> What you are asked to do: For the data below, retype word for word the lines from the one containing "Peri-Mucositis: What Is" through the one containing "Fig. 84 - Nasal mask system"; drop the pictures.

Data records START

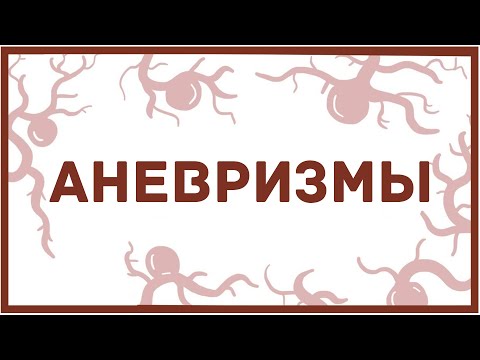 Видео: Аневризмы - виды, причины, симптомы, последствия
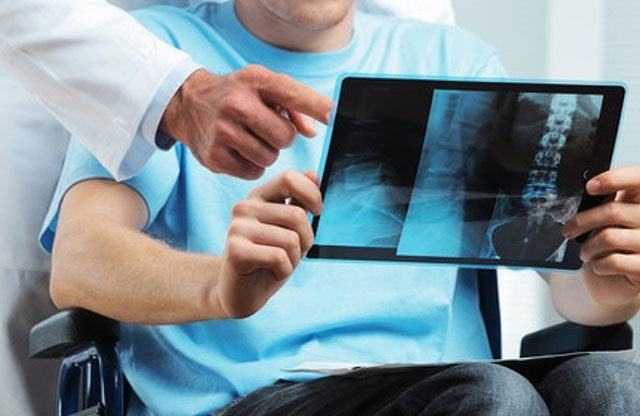 Esclerosis Múltiple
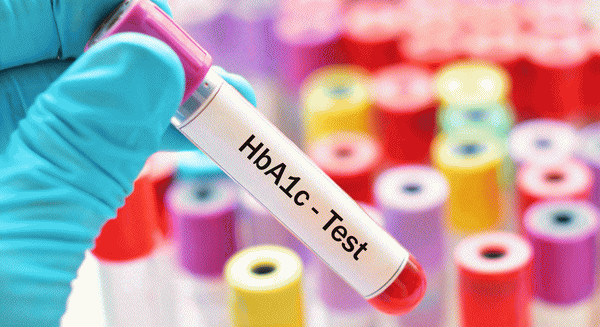 Šta je HbA1c krvni parametar - glikozilirani hemogolobin
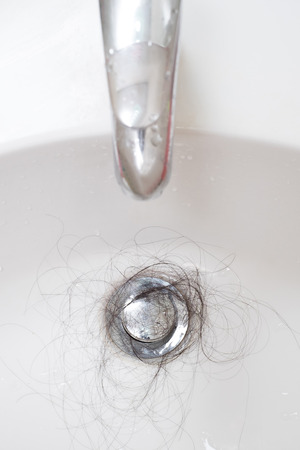 Hair loss problem in white sink.の写真素材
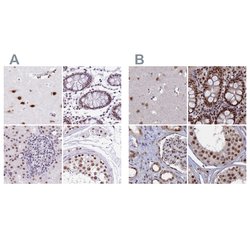 Invitrogen SF3A2 Polyclonal Antibody 100 &mu;L; Unconjugated:Antibodies,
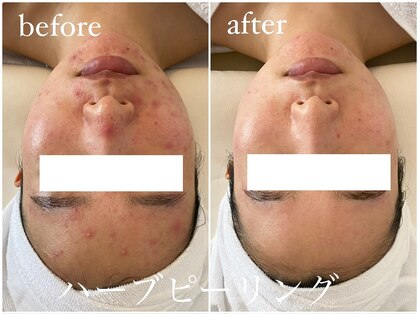 イム(I'm.)の写真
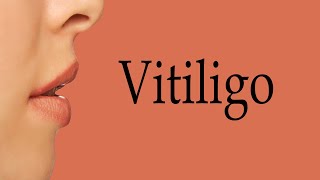 How To Say Vitiligo [upl. by Pytlik]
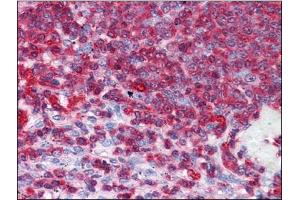 Human Spleen: Formalin-Fixed, Paraffin-Embedded (FFPE) (GDI2 Antikörper)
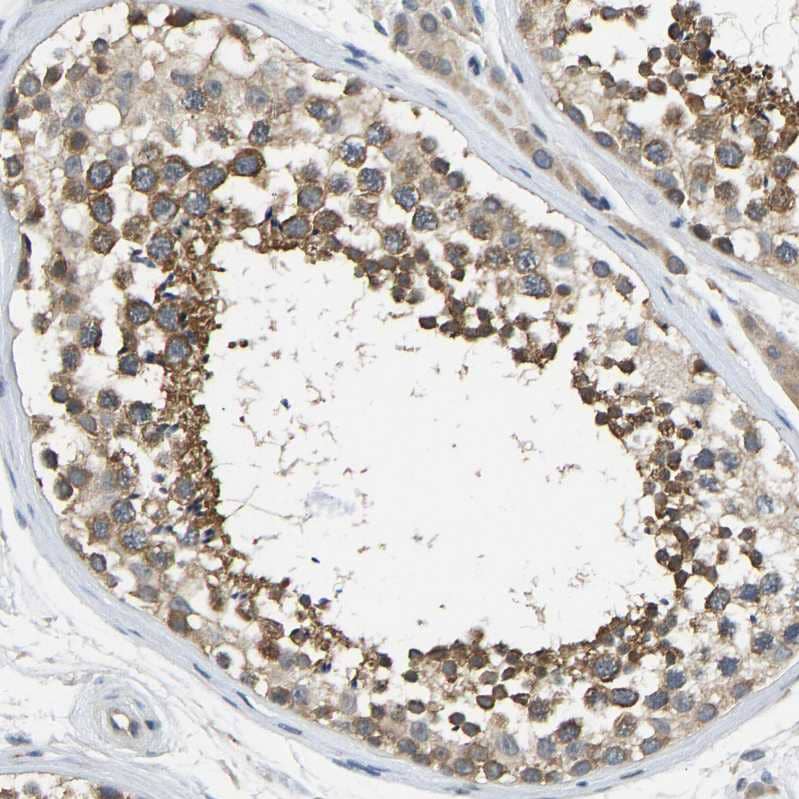 NDRG3 Antibody - BSA Free Immunohistochemistry-Paraffin: NDRG3 Antibody - BSA Free [NBP1-86054]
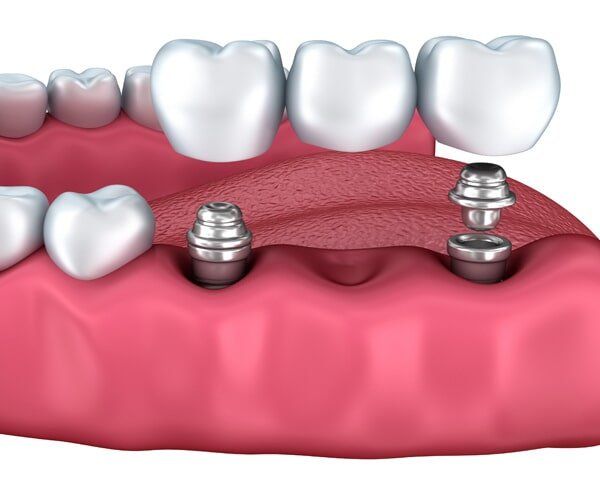3d lower teeth and dental implant  - Dental Care Services in Hemet, CA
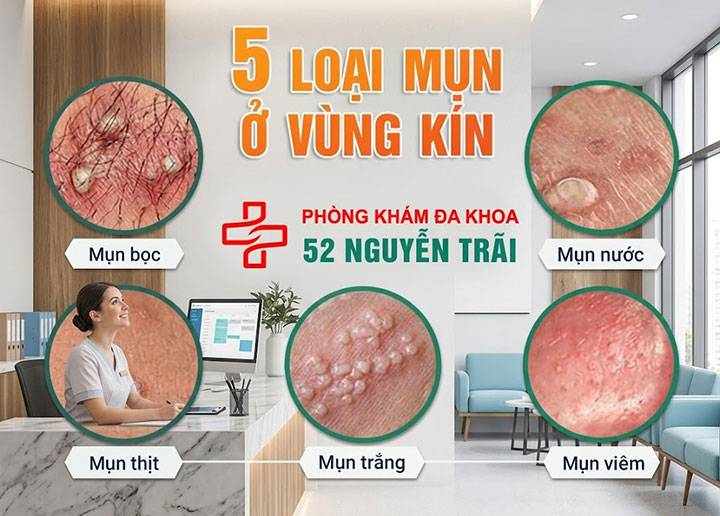 Mụn thịt ở vùng kín nam là gì? Nguyên nhân và cách điều trị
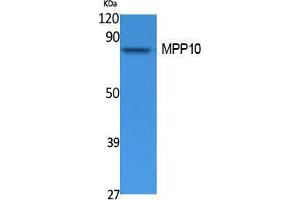 Western Blotting (WB) image for anti-M-Phase phosphoprotein 10 (U3 Small Nucleolar Ribonucleoprotein) (MPHOSPH10) (Internal Region) antibody (ABIN3178110) (MPHOSPH10 antibody  (Internal Region))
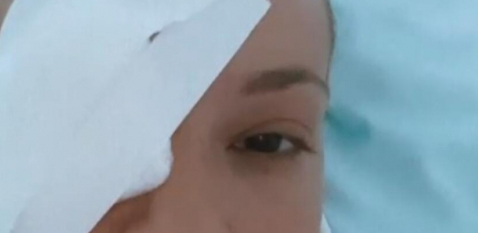 OTKRIVENO ČIME JE SLAVICA ĆUKTERAŠ UMALO IZBILA OKO Pevačici se iskomplikovala povreda, zadržali je na lečenju!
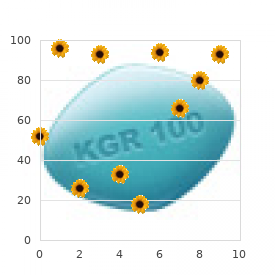 Chromosome 3, monosomy 3q13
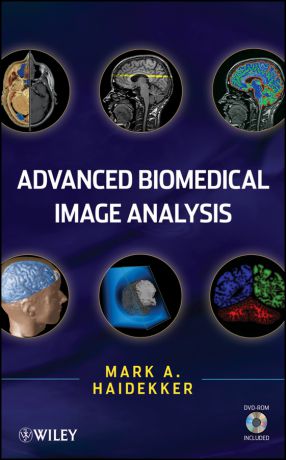 Mark Haidekker Advanced Biomedical Image Analysis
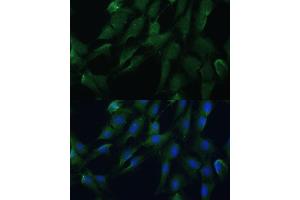 Immunofluorescence analysis of C6 cells using DRG2 antibody (ABIN7266746) at dilution of 1:100. (DRG2 Antikörper  (AA 150-260))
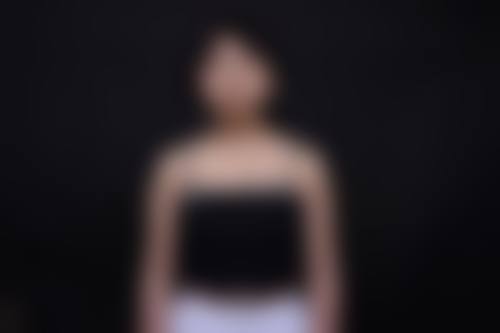 青岛白华宝昕晟美医疗整形美容抖音团购活动及价格表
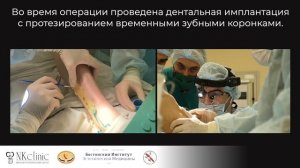 Прорезалась титановая пластина. Операция по восстановлению челюсти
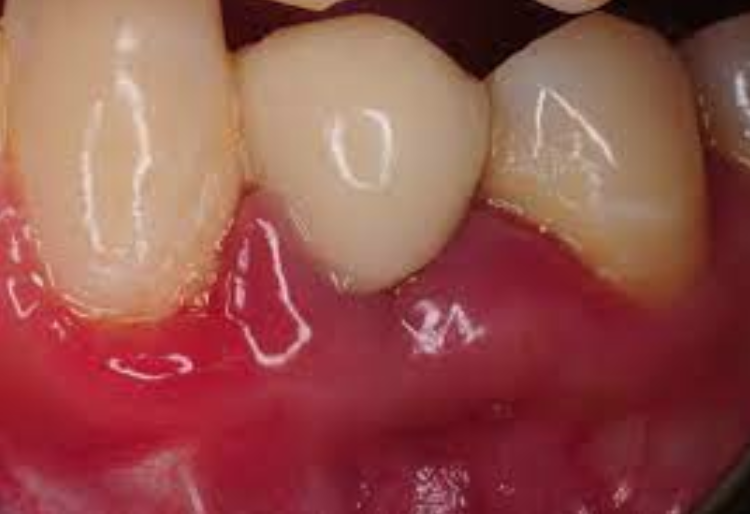 Peri-Mucositis: What Is It & How Can You Avoid It? berznerparagon.com/peri-mucositis… #perimucositis #periodontitis #gumdisease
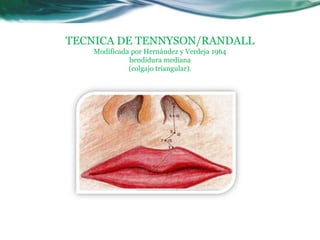 TECNICA DE TENNYSON/RANDALL
    Modificada por Hernández y Verdeja 1964
              hendidura mediana
              (colgajo triangular).
 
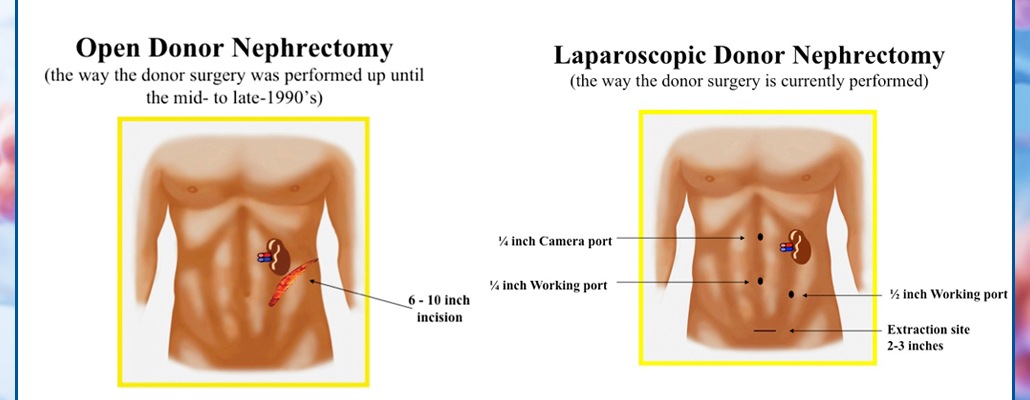 Laparoscopy Donor Nephrectomy Surgery Meerut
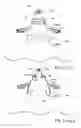 Fig. 84 - Nasal mask system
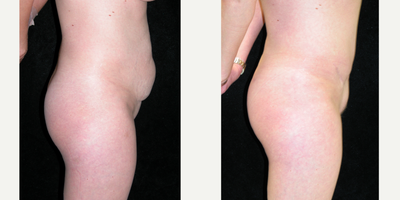 Drainless Tummy Tuck before and after photo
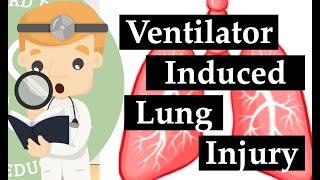 Mechanical Ventilation Basics - Ventilator Induced Lung Injury (VILI) | Clinical Medicine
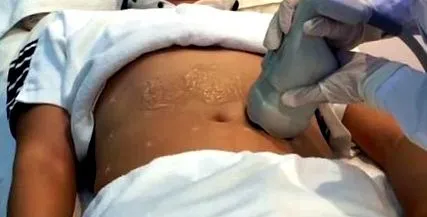 liposonix оборудване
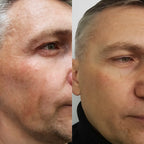 HIFU, EMS and Microcurrent Facial Massager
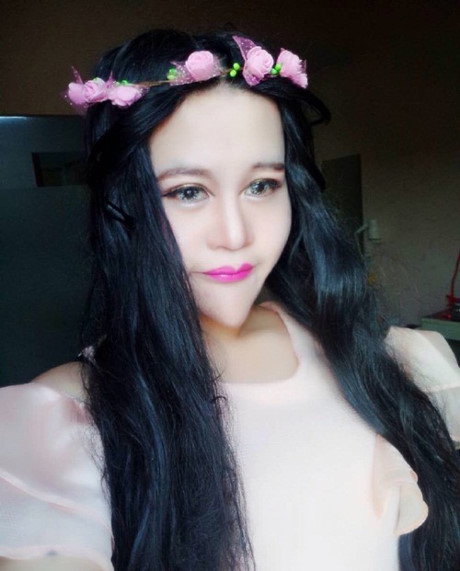 Cô gái TQ khiến mọi người sợ hãi vì khuôn mặt biến dị - Ảnh 2 Co gai TQ khien moi nguoi so hai vi khuon mat bien di - Anh 2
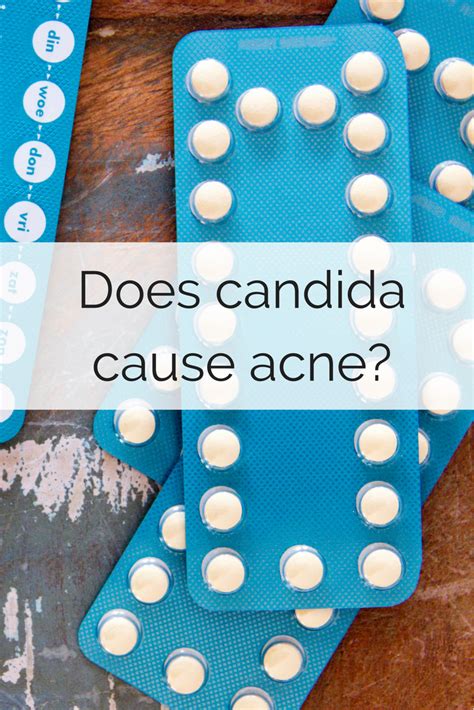Does Candida Cause Acne What You Need To Know Acneclearing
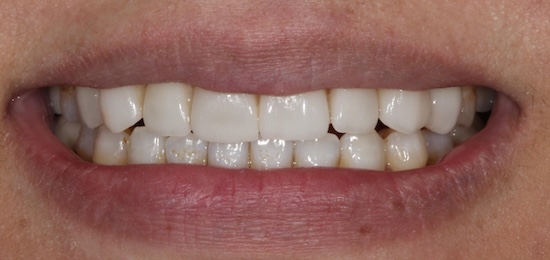 smile gallery image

Data records END

> Result:
 Peri-Mucositis: What Is It & How Can You Avoid It? berznerparagon.com/peri-mucositis… #perimucositis #periodontitis #gumdisease
 TECNICA DE TENNYSON/RANDALL
    Modificada por Hernández y Verdeja 1964
              hendidura mediana
              (colgajo triangular).
 
 Laparoscopy Donor Nephrectomy Surgery Meerut
 Fig. 84 - Nasal mask system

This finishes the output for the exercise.